A new study released by next-generation Internet browser Shift unveils a growing divide over how Internet users approach artificial intelligence capabilities online, with deep divisions between AI capabilities and user trust in them.


Among the top concerns shared over the integration of AI into modern browsers are privacy issues and environmental impact. However these concerns have not noticeably tempered the demand for AI features.

Topline Context

According to the report, AI usage is both high and growing. Of those surveyed, 82% report engaging with AI at least occasionally, with tech workers and younger users indexing higher on their usage.

However AI is not yet overtaking traditional search as a source of answers to users' questions. According to the study, 68% still rely on traditional search engines like Google, compared to only 21% citing AI tools like ChatGPT (about 10% say they use both equally).

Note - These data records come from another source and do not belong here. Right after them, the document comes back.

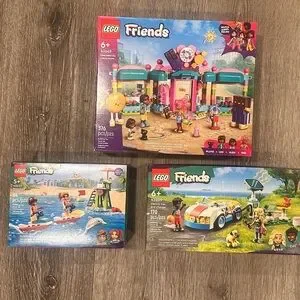 LEGO Friends Building Set of 3 girls LEGO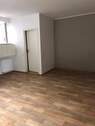 EG/Anliegerwohnung - 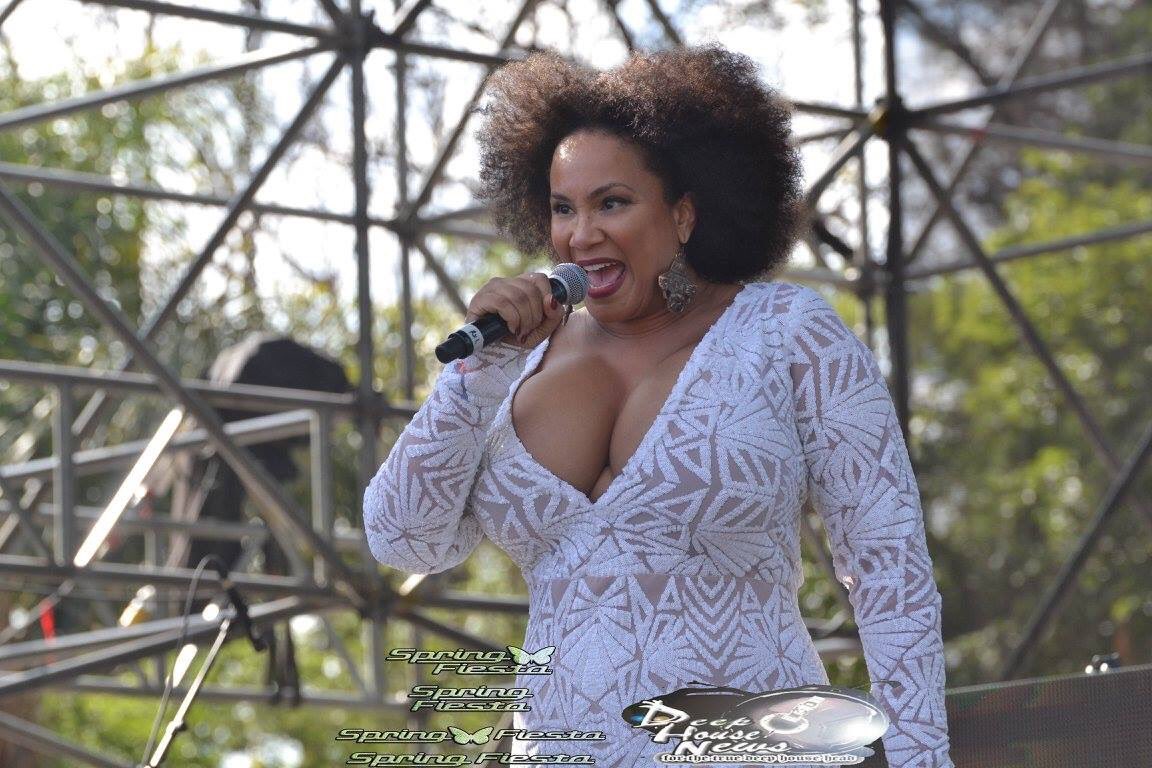 DHN_DeepHouse's tweet photo. @moniquebingham was one of highlights for #SpringFiesta2016 https://t.co/lXt9ZDW3QQ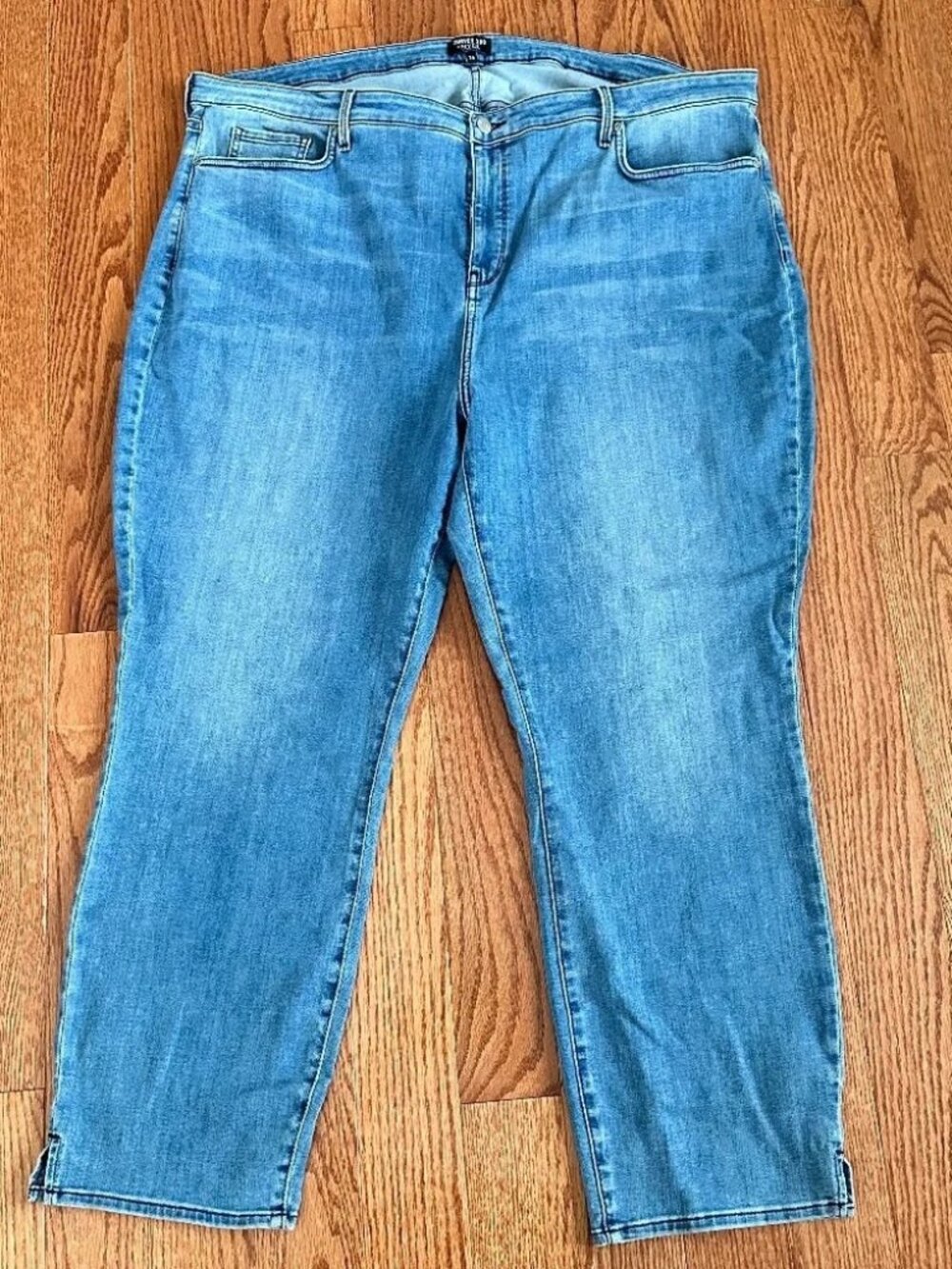 NYDJ Curve 360 Straight Ankle Slit Cropped Jeans Women's Size 24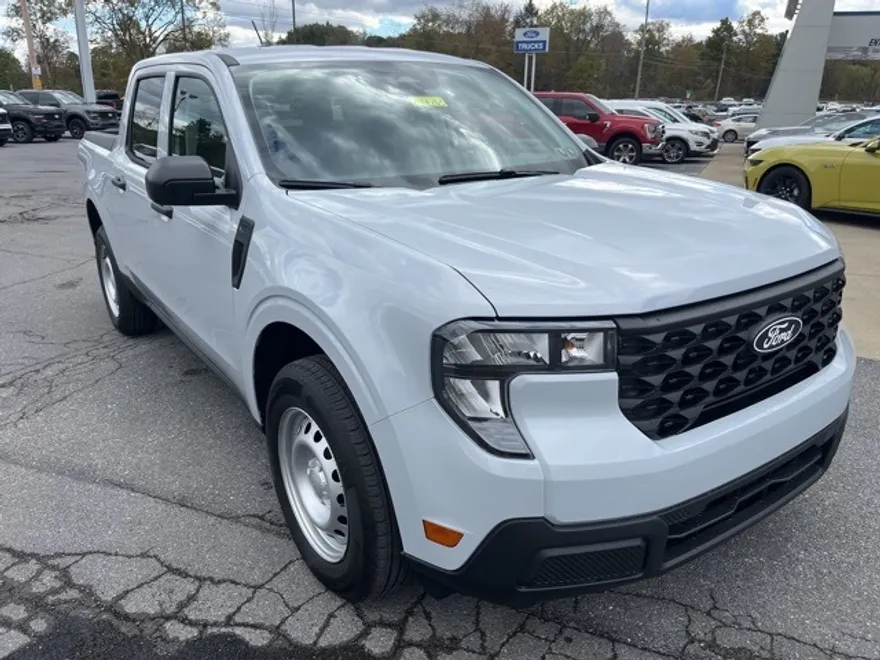 2025 Ford Maverick XL photo 1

The outlook for that to change is only slightly leaning AI’s way. Less than a third (32%) say they expect to use AI tools more in the future, compared to 44% who say they’ll stick with traditional search.

Instead, AI use is centered around three main areas:

  • Research Assistance: 49%
  • Task Automation: 37%
  • Drafting Content: 34%

These results shift a bit between demographics, with 50% of Gen Z saying they primarily want AI to provide personalized recommendations, compared to 33% of the total audience surveyed.

AI Barriers: Privacy and Planet

For all of AI’s potential and expressed interest among browser users, the single largest concern reported is privacy, with nearly half (45%) of respondents citing privacy concerns as their main reason for hesitancy. Driving this is a lack of trust in where their data and information goes.

Another 35% say they don’t trust how AI-generated content might be used, while a nearly equal number (34%) expressed doubts about the accuracy of AI results. The result is a trust gap that requires more than a slick user interface to address.

Instead, for AI to grow further, providers must make transparency a default feature, with explicit details provided about how data is handled, models are trained, and privacy protected.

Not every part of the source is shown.